Peter Schaefer says he isn't ancient, just old school.
So old school, in fact, that his new teammates with the Vancouver Canucks are having some fun with his period skates, his tiny shoulder pads, his oddly curved stick, and his early days with the NHL franchise, when the Sedin twins were still pimple-faced pups. Schaefer, 33, is just happy to be teased in an NHL dressing room again, having sat out last year and played in the American Hockey League in 2008-09.
It has been more than two years since he's dressed for an NHL game, but he will be in the lineup Saturday when the Canucks begin their 40th-anniversary season against the Los Angeles Kings at Rogers Arena here. The eight-year veteran from Yellow Grass, Sask., roughly 90 kilometres south of Regina, earned a job on one of the league's deepest roster the old-school way: He worked.
"For me, I had to be ready like it was mid-season," he said.
Attending camp on a professional tryout, Schaefer caught the attention of head coach Alain Vigneault, and was rewarded this week with a two-way, $600,000 (all currency U.S.) contract to begin the season in Vancouver. He was the clear beneficiary of Alex Burrows's off-season shoulder surgery, which will cost Vancouver's leading goal-scorer the first month, and is now hell-bent to stay.
"In my mind, every night is going to be a tryout," he said. "I come from a town of 500, and it was tough getting enough players for a team at any age group. I think I've always appreciated [hockey] but you definitely learn things."
Schaefer's odds-defying return to the NHL comes after he spent last year working out with former Canucks conditioning coach Peter Twist. After being buried in the minors the previous season, the Boston Bruins bought out Schaefer's $2.1-million contract - he'll get the final $566,000 payment this year - and in part because his agent lacked National Hockey League Players' Association certification, the winger didn't connect with another team and spent the year playing recreationally and staying in shape.
"It was probably more tough mentally than physically, getting up every day and doing it, not really knowing what the end game was," he said. "We changed up routines to keep it fresh and keep it new, so I didn't get bored mentally."
Schaefer was once an up-and-coming Canucks draft pick whose skating and checking profiled into a penalty-killing role, and a decade later his career has come full circle. He'll play on Vancouver's third line Saturday, and is being counted on to help the team's ghastly penalty-killing, which was 18th in the league last year, and even worse (61.5 per cent) in a first-round playoff series against the Kings.
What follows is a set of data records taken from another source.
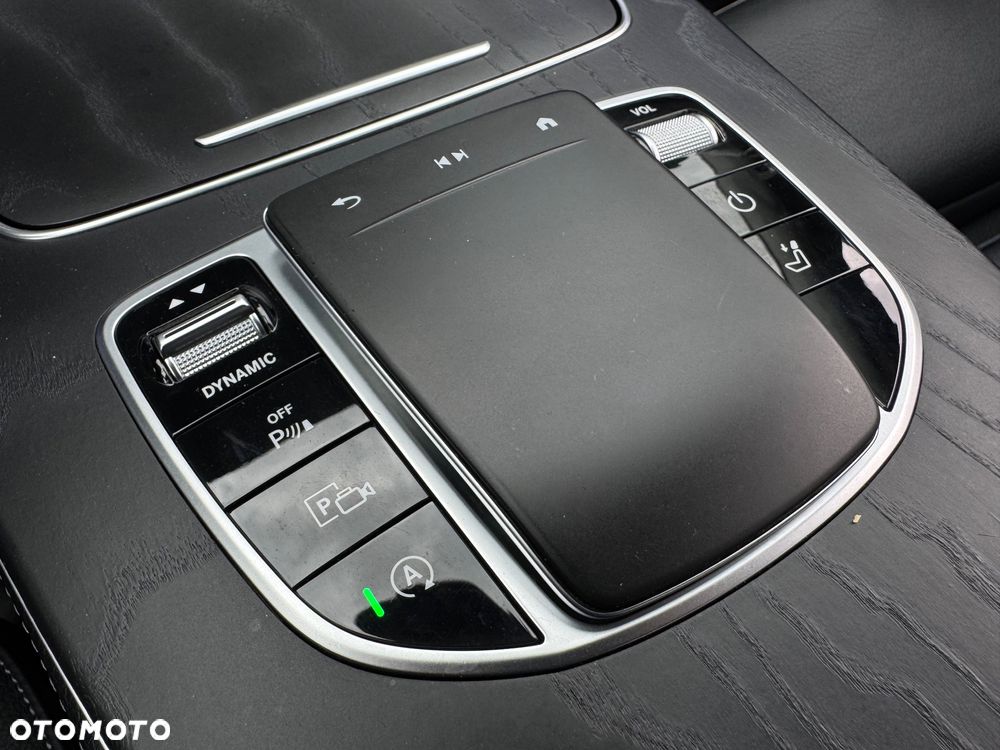 Mercedes-Benz Klasa E 200 9G-TRONIC Exclusive - 28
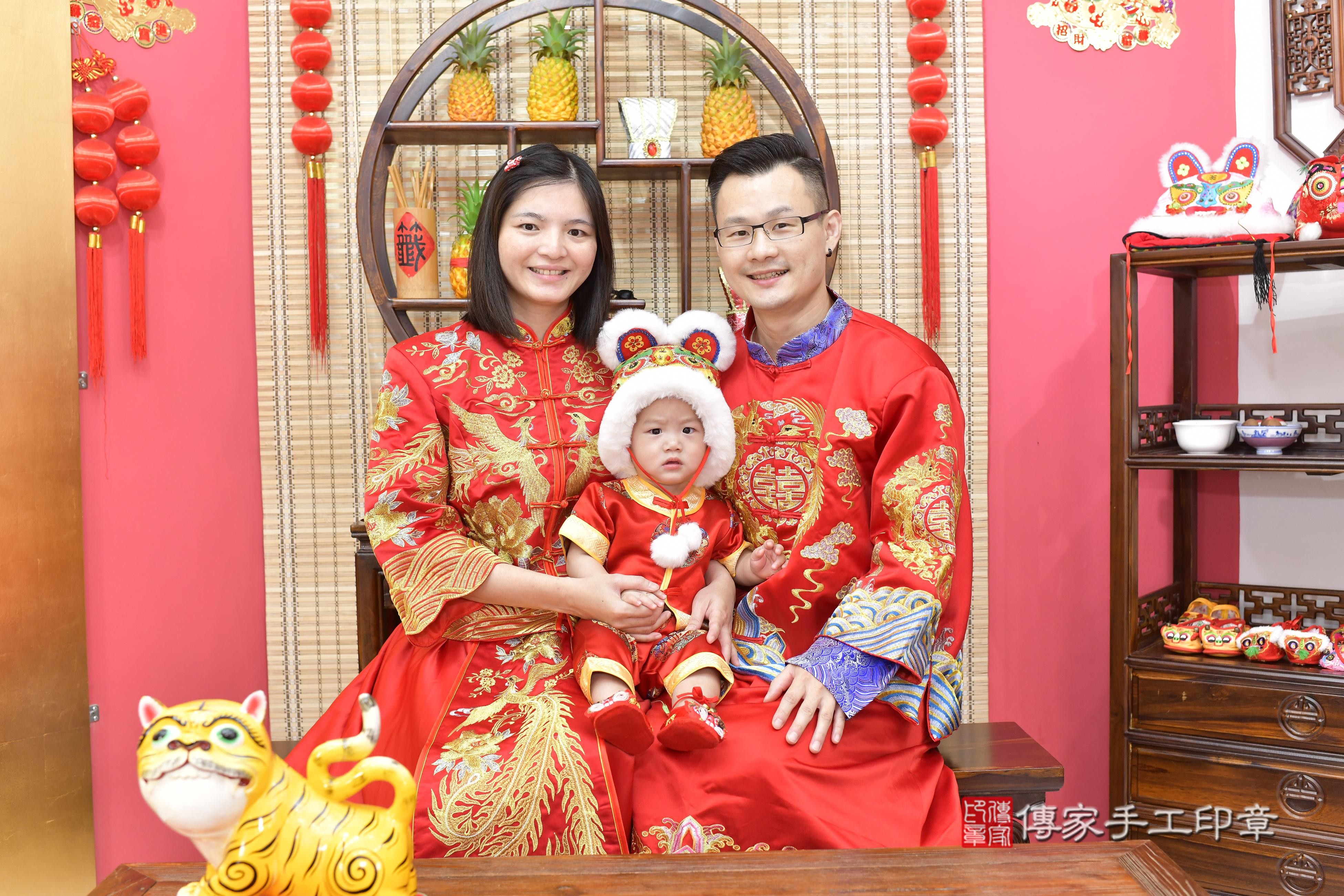 傳家手工印章新竹店、抓周、度脺、美式風會場、傳家嬰兒古禮、吉祥話、抓周道具物品24種、拍照。抓周證書。寶寶抓周、滿周歲、生日快樂、祝福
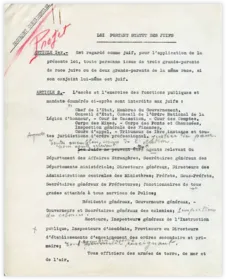 À partir du 3 octobre 1940, le gouvernement de Vichy instaure un « Statut des Juifs ». Le maréchal Pétain annote de sa main le document initial, durcissant les mesures antisémites. Tous les Juifs, étrangers ou français, sont concernés par ces lois d’exclusion. Ils ne pourront plus être ni magistrats, ni officiers. Ils sont exclus des métiers de la police, de l’enseignement, de la presse, du cinéma, du théâtre et de la radio. Ils ne peuvent plus être élus.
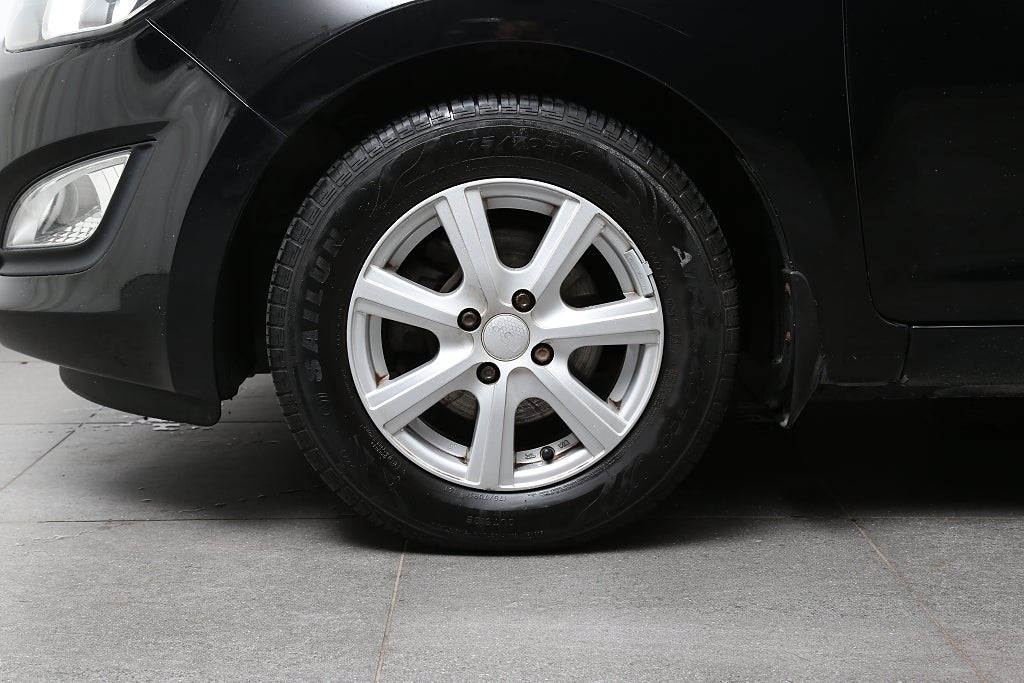 Hyundai i20 1,2 84hk Select 5dr Nybesikt l Nyservad l Drag l Motorv 2015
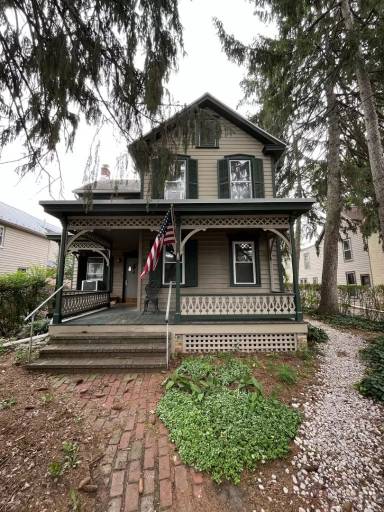 Main picture of 436 S 2nd St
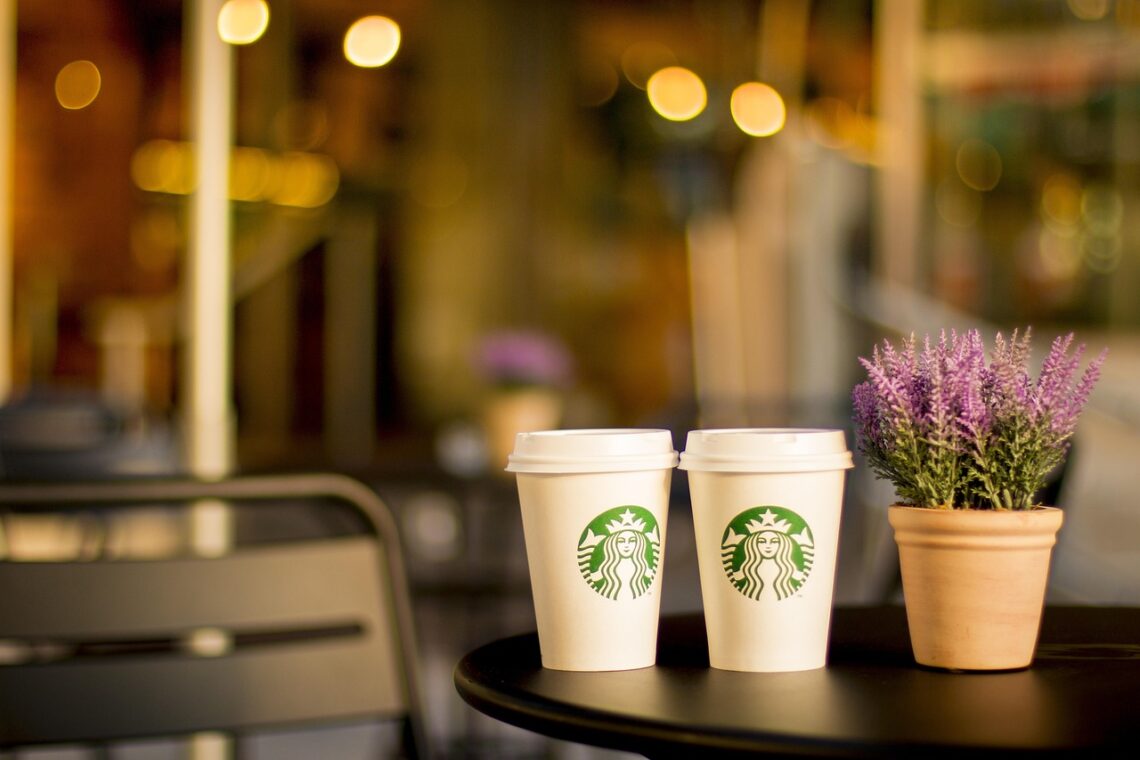 Kavárny, které okouzlily svět: co mají společného Starbucks, Costa nebo Dunkin?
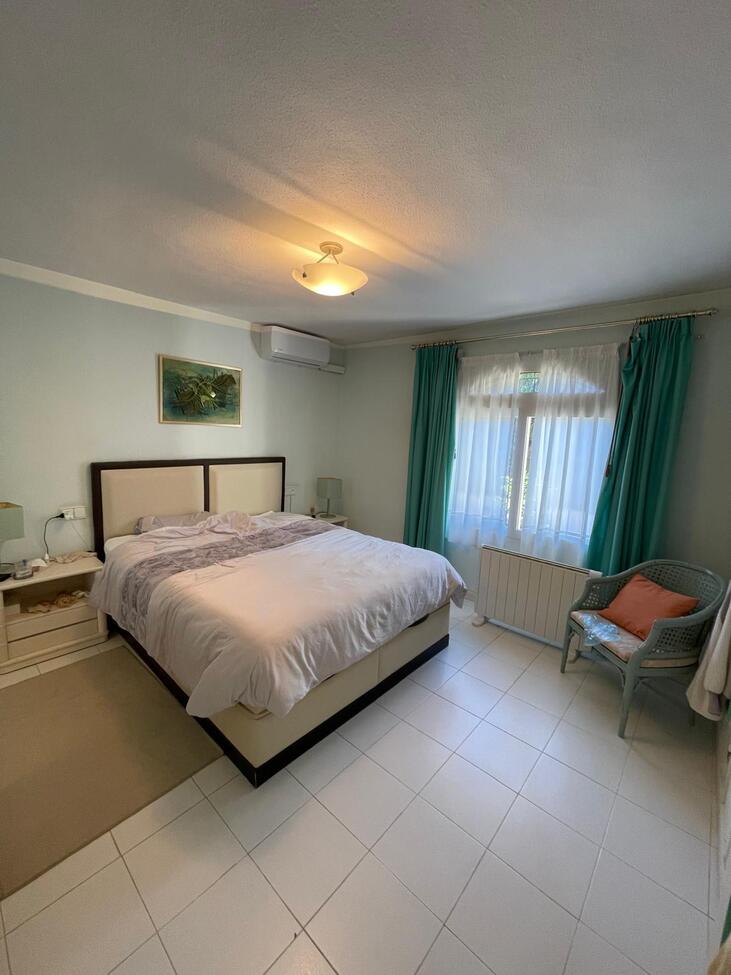 Garden in villa for sale in Villamartin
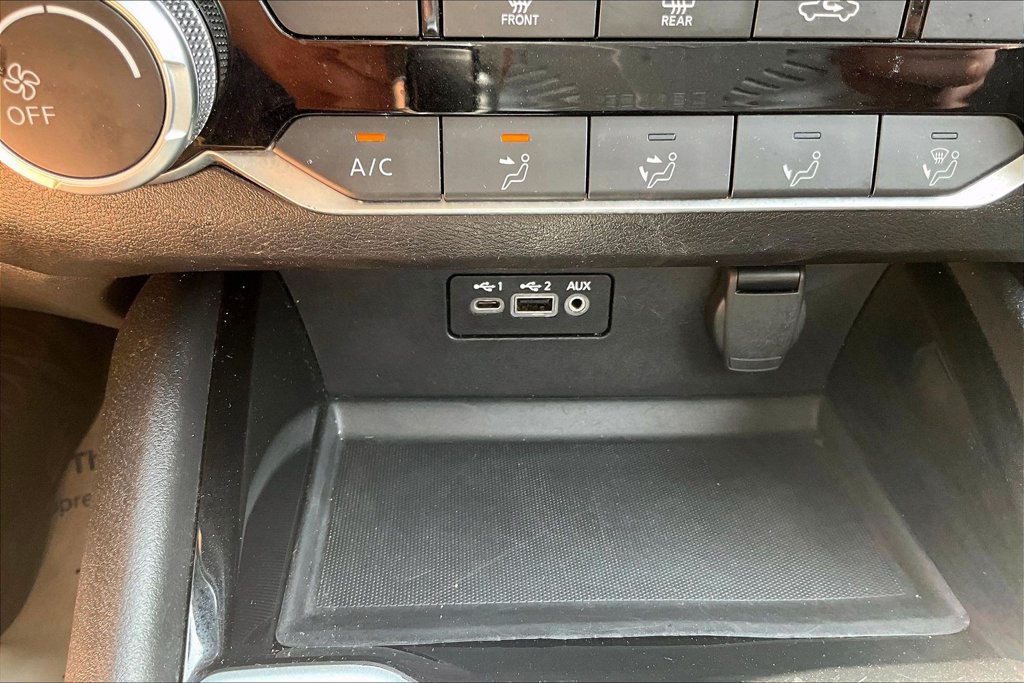 Used 2024 Nissan Altima 2.5 SV FWD image 31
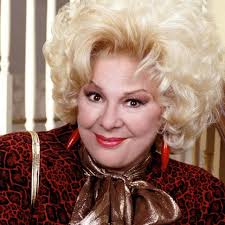 El increíble cambio físico de Renée Taylor después de ser Sylvia Fine en La  Niñera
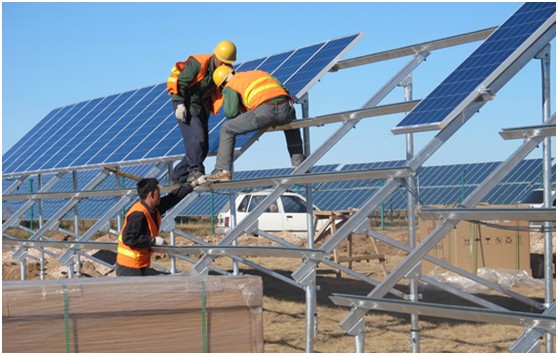 特點(diǎn)1：“突擊搶裝”現(xiàn)象突出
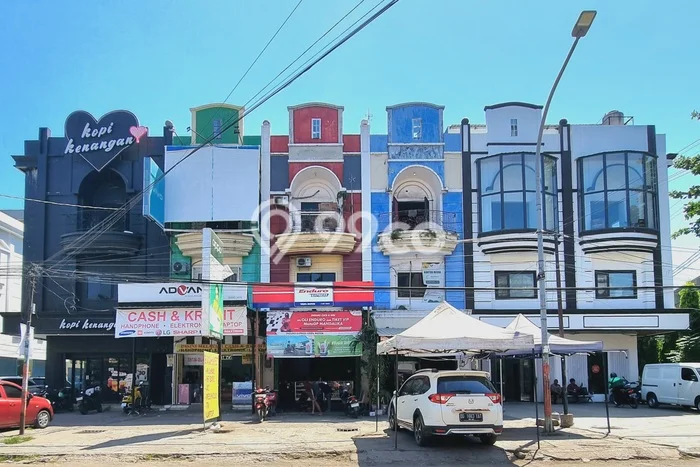 Lokasi Strategis! Dijual Ruko Bisnis di Tamalate, Makassar Kondisi Bagus Lokasi Strategis! Dijual Ruko Bisnis di Tamalate, Makassar Kondisi Bagus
But this circle hasn't been complete without some bumps. He held out before the 2001-02 season, and so irked Brian Burke that then Canucks general manager offered to pay his taxi fare to the airport.
A year later, Burke shipped him to the Ottawa Senators for defenceman Sami Salo. Schaefer was a key performer on a Senators team that advanced to the Stanley Cup final. That was his high moment, as he followed former Senators executive Peter Chiarelli to Boston, where the latter became GM. Schaefer played just one full season in Beantown, and his production dropped by 20 points, which led to the AHL demotion at a period when his career should have been cresting.
Instead, after some rehabilitation, he'll get a twilight, although with Burrows due back in November, and because his two-way contract doesn't require re-entry waivers, the AHL remains a possibility. But for the moment, Schaefer has something to savour.
"I've had a lot of ups and downs," he said. "[Being back in the NHL]is a pleasure for me."